まあ美し過ぎるボクには容易な事だけどね~」
青年の名はミシュエルブラード。
血を媒介とし神秘の秘儀と為す血戦師。
王都を襲う6つの災厄が一人、6魔将であった。
主の宣戦布告後、活動を開始した彼等は抵抗拠点を潰して回ってるのである。
108か所設けられた王都の抵抗拠点は既に20か所以上彼等によって強制的に沈黙させられていた。

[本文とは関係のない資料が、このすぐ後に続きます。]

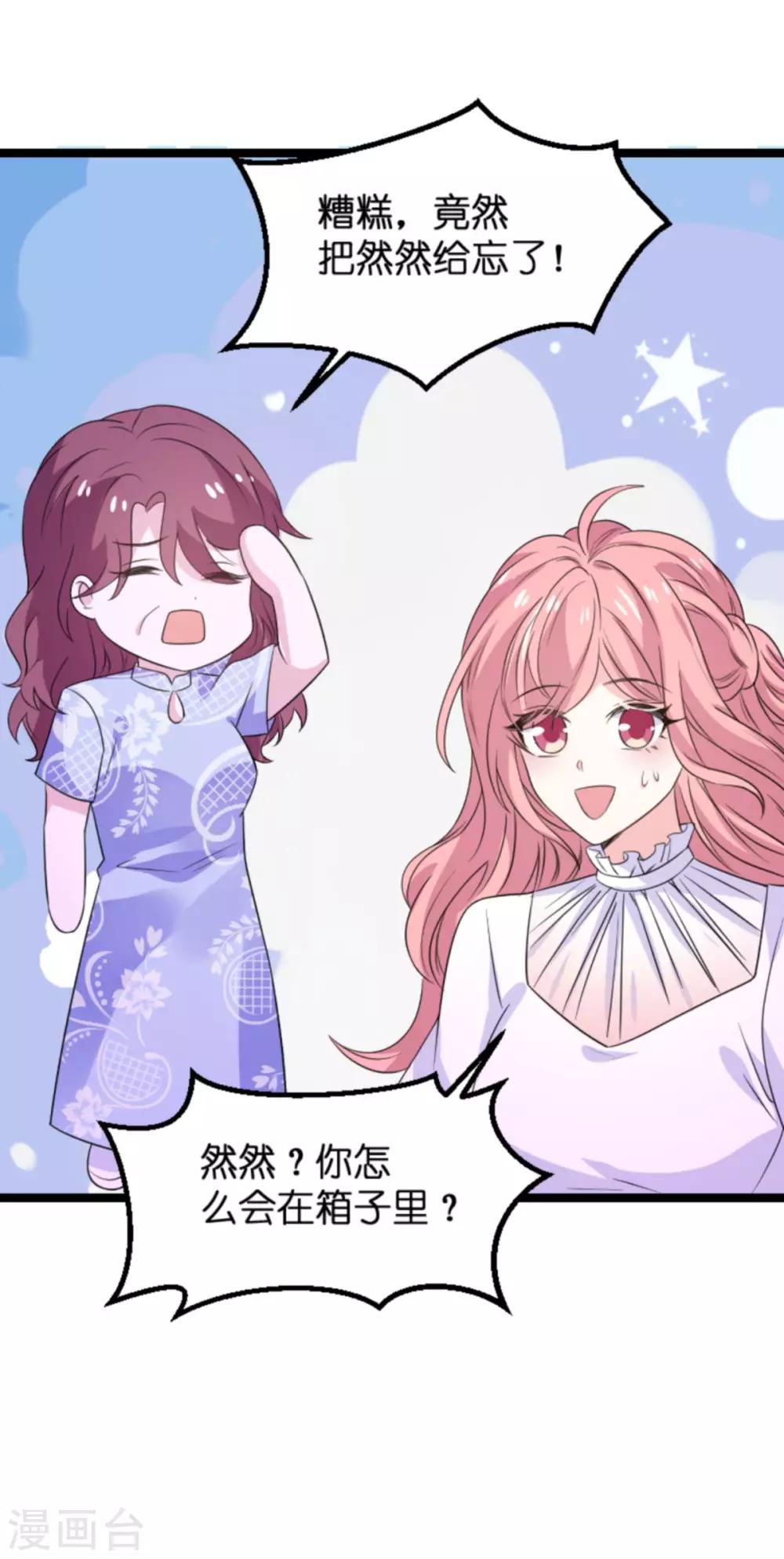 萌宝来袭漫画免费下拉式漫画,第108话 幸福再一次终止1图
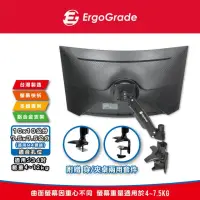 在飛比找momo購物網優惠-【ErgoGrade】快拆式電競曲面螢幕單臂支架EGAUC1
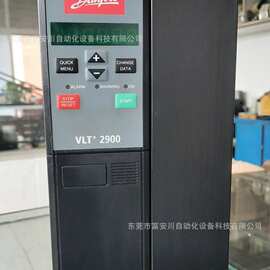 全新原包装丹佛斯变频器特价销售 VLT2975 质保7年现货实拍议价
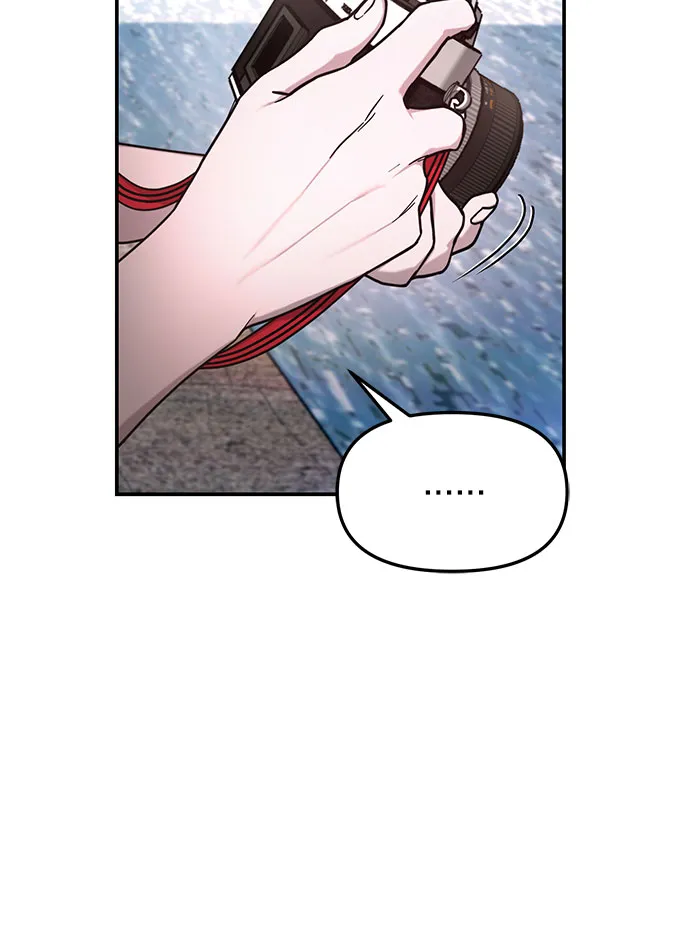 第51话 第64页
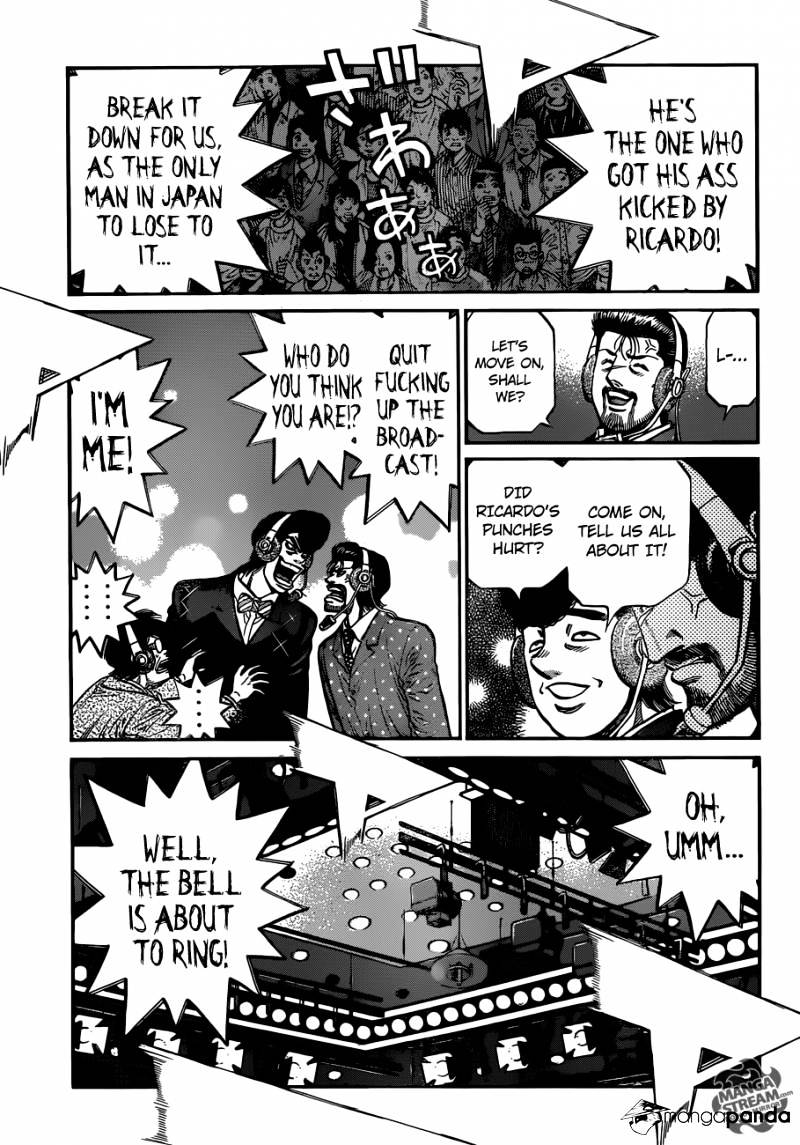 Page 4 of Chapter 1031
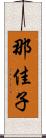那佳子 Scroll
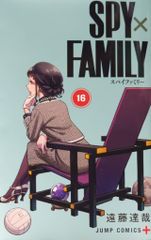 슈에이샤 점프 코믹스 엔도 타츠야 SPY×FAMILY 16
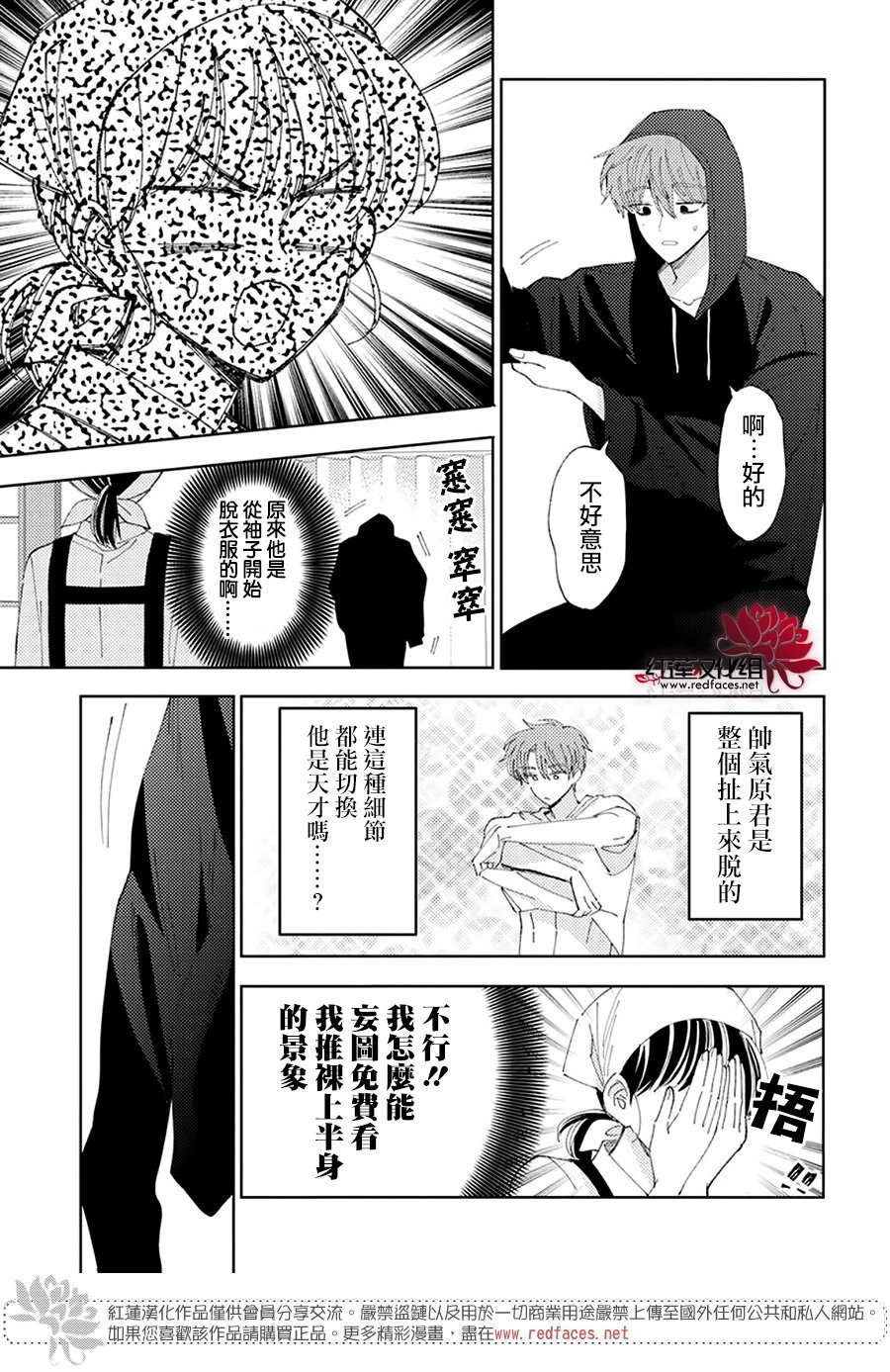 番外03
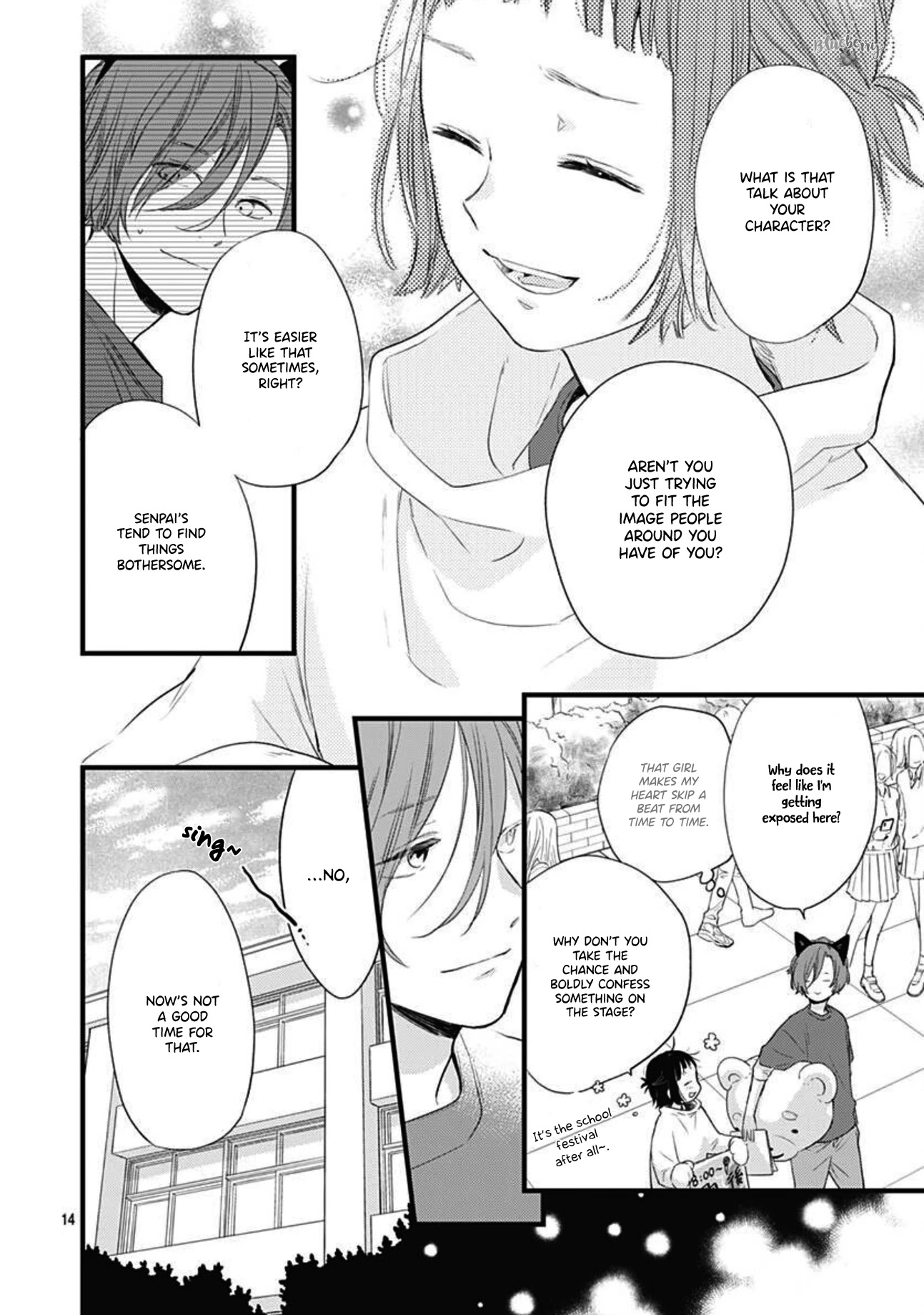 Uchi no Otouto-domo ga sumimasen chapter 16 page 15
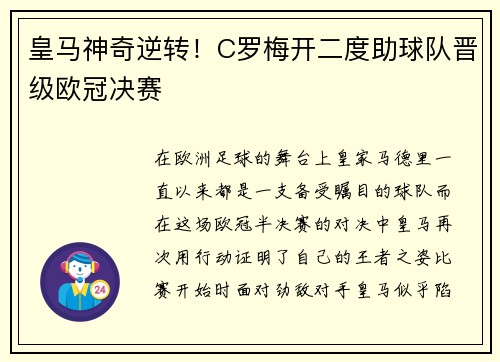 皇马神奇逆转！C罗梅开二度助球队晋级欧冠决赛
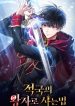 Reborn as the Enemy Prince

「さて、命じられたボクの仕事は防衛者たる冒険者の排除だけど……」
ミシュエルの目線の先には建物の影から脅えた眼でこちらを見る人々がいた。
眼を閉ざし、何かを考えるミシュエル。
端正なその容貌が、いやらしく歪む。
「でも……少しくらいは遊んでもいいよね? うん」
路上に広がる冒険者達から溢れ出た多量の血。
真紅に染まった血だまりに未だ止まらない自らの血を零す。
次の瞬間、血液は鳴動し刃となっていく。
蛇の様に鎌首を持ち上げ、威嚇する無数の血液の刃。
刃の先には絶望に硬直する人々。
そこには老若男女。
老いも若きも男も女もいた。
その一切に関与することなく、ミシュエルブラードはただ快楽と享楽の為に虐殺をする。
何故ならそれが彼の存在意義。
腐ったこの世から『解放してあげてる』という御題目に酔っているから。
「じゃあ、そういう訳で……死んで」
「ぎゃあああああああああああああああああああああああああああああああ!!」
「ひっひっひいいいいいいいいいいいいいいいいいいいいいいいいいいいい!!」
「あばばばばばばぶるうううううううううううううううううううううううう!!」
闇夜に響く苦悶と怨嗟の絶叫多重交響曲。
演奏家の様に耳を澄ませながらミシュエルは呟く。
「お待ちくださいませ、我が皇よ。
汚れに満ちた世界を変える時がついに来た。
貴方様に仕える有能なるこのボクが必ずや期待に報いてみせます」
誰にも理解されない教義を説いて。
殺戮の貴公子は想いを馳せるのだった。
>6魔将
殺戮の貴公子こと<狂慄>のミシュエルブラード
敵役たる6魔将の描写ですが、全員分を描くと時間(と章数)が掛かるのでこの辺で止めておくか検討中です。
興味あります? 早く本編(ユナ視点)に戻った方がいいかな~と。